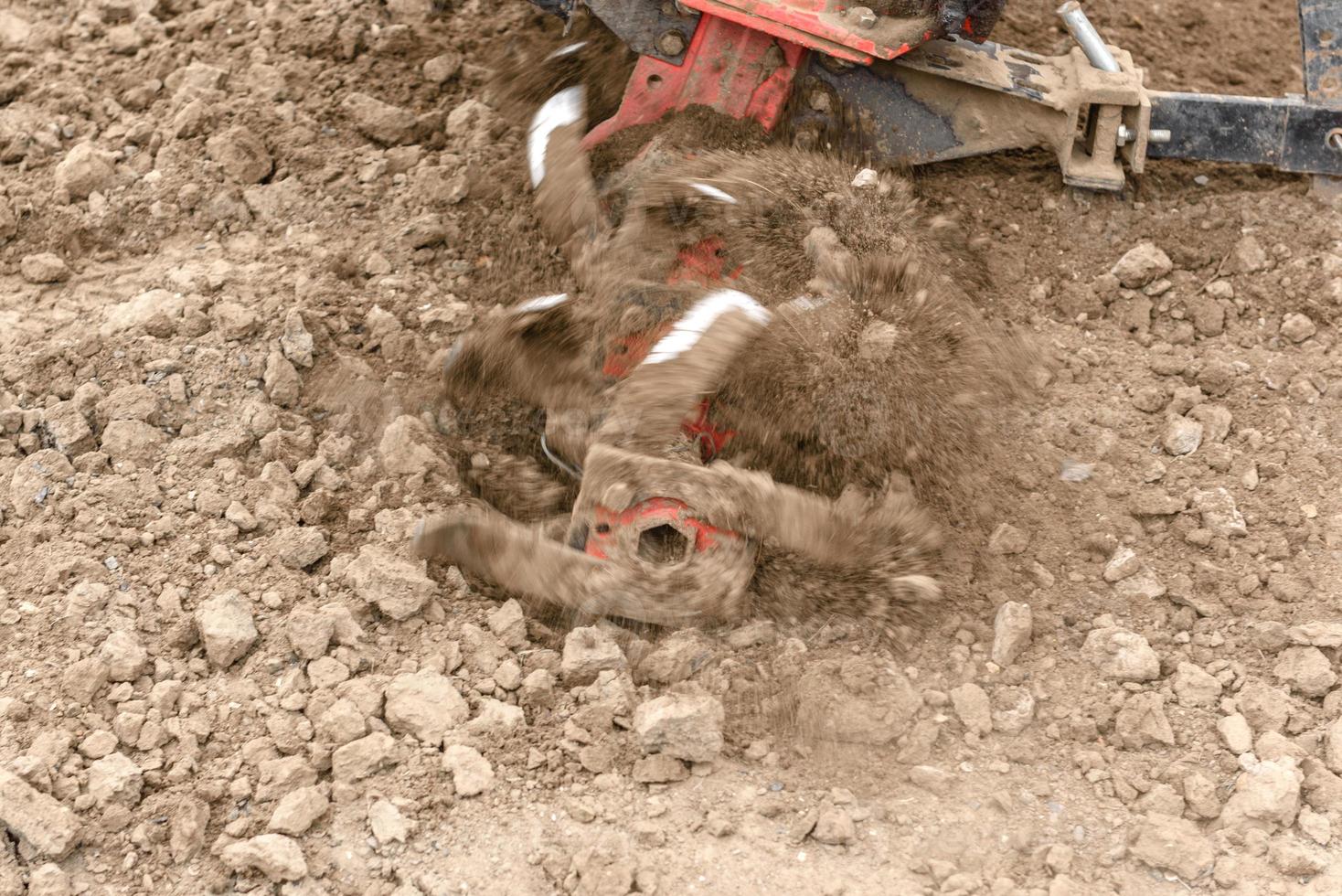 Small farm tractor plows the ground, the work of a walk-behind tractor photo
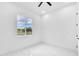 Bright, minimalist bedroom with a view and marble flooring at 11921 Fort King Hwy, Thonotosassa, FL 33592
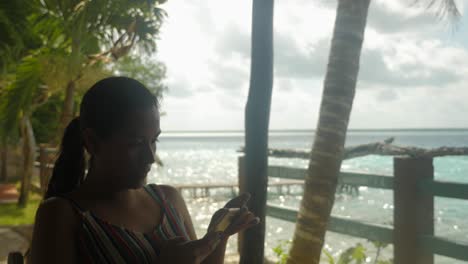 Woman-checking-her-phone-in-the-shade-with-sunny-lagoon-on-background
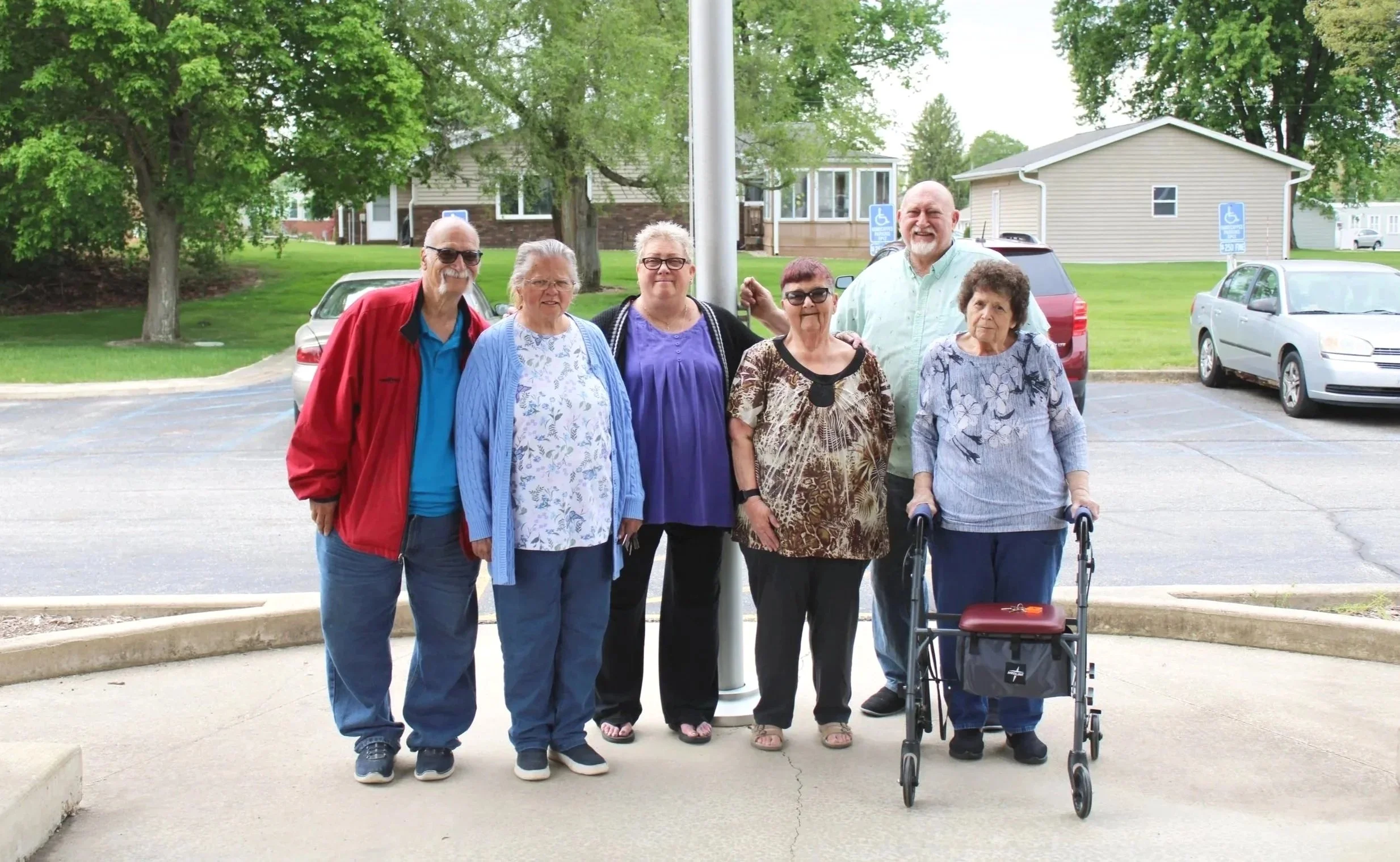 Group of seven senior adults standing outdoors in a parking lot, with some smiling and one using a walker, in front of trees and residential houses.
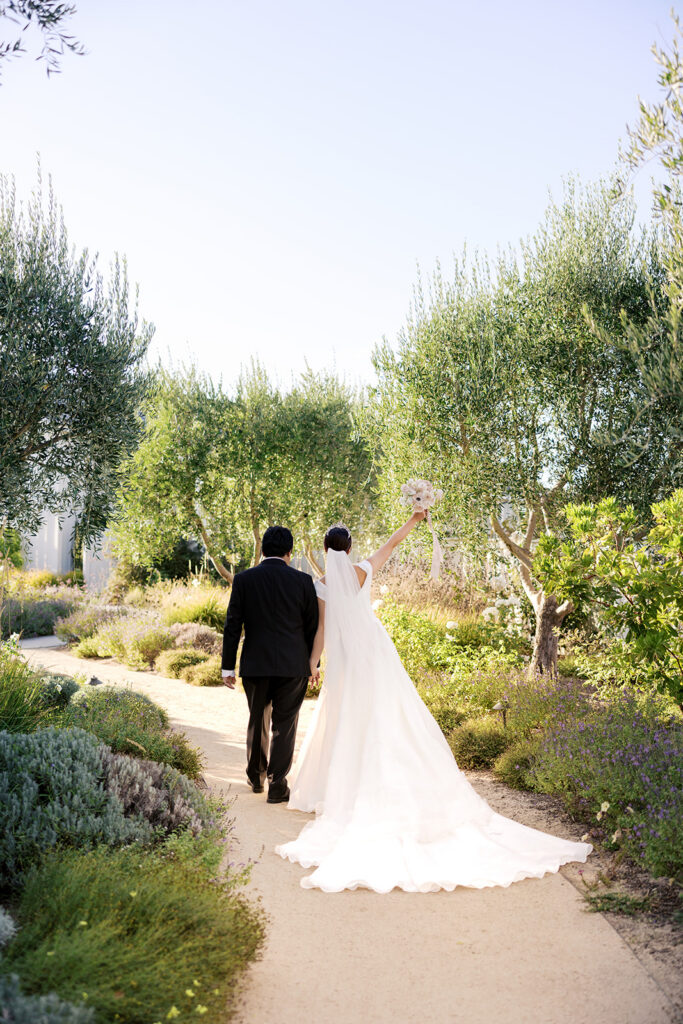 Bride raising her bouquet as she and her groom walk through The Barn at Harrow Cellars' olive tree garden — Sonoma wedding photography by sustudio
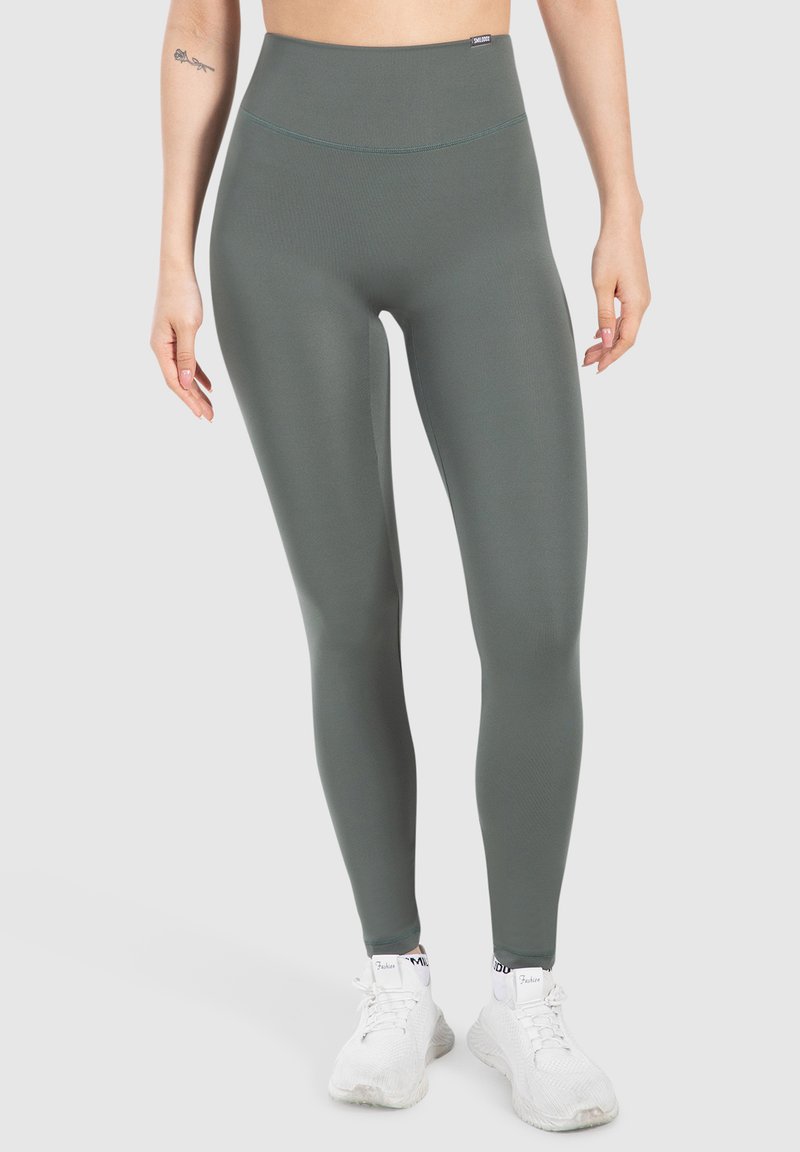 Leggings a vita alta e aderenti in verde tenue, realizzati in materiale elasticizzato. Presentano una superficie liscia e dettagli di cucitura discreti.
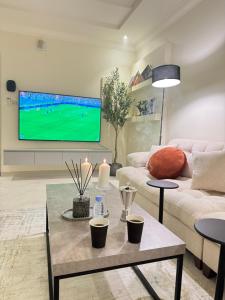 a living room with a couch and a tv at شقة سُبات الفندقية الفاخرة in Buraydah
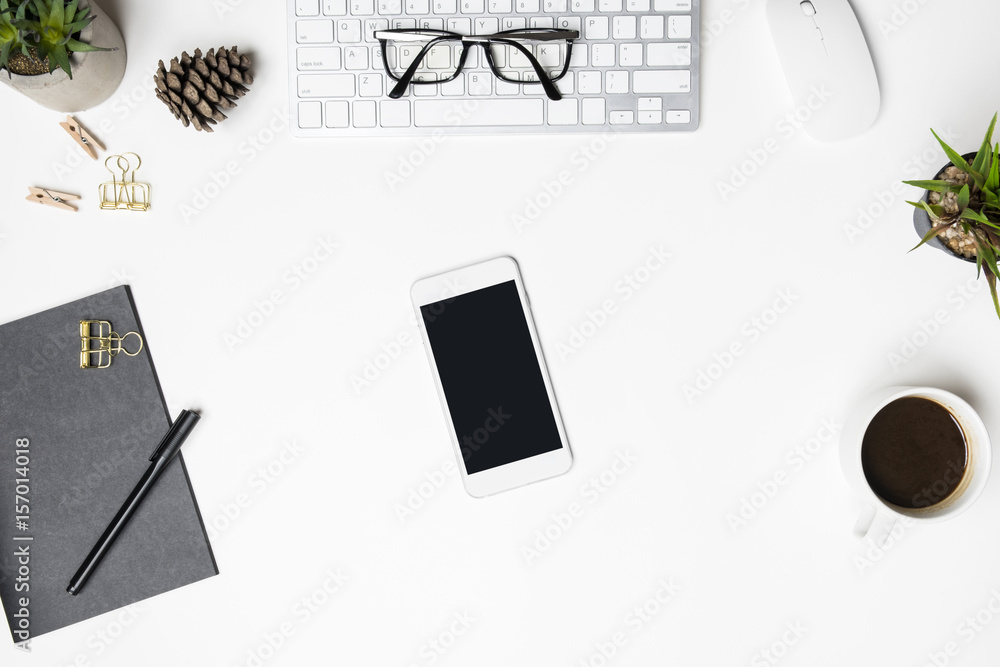 White smartphone with blank screen is on top of white desk table. Top view, flat lay. White smartphone with blank screen is on top of white desk table. Top view, flat lay.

-*-*-

EXERCISE BRIEF ▸ Set the pictures aside and reproduce exactly the lines above, from the line holding "Group of seven" through the line holding "Bride raising her", both included, with nothing else.

THE COMPLETED TASK ▸
 Group of seven senior adults standing outdoors in a parking lot, with some smiling and one using a walker, in front of trees and residential houses.
 Bride raising her bouquet as she and her groom walk through The Barn at Harrow Cellars' olive tree garden — Sonoma wedding photography by sustudio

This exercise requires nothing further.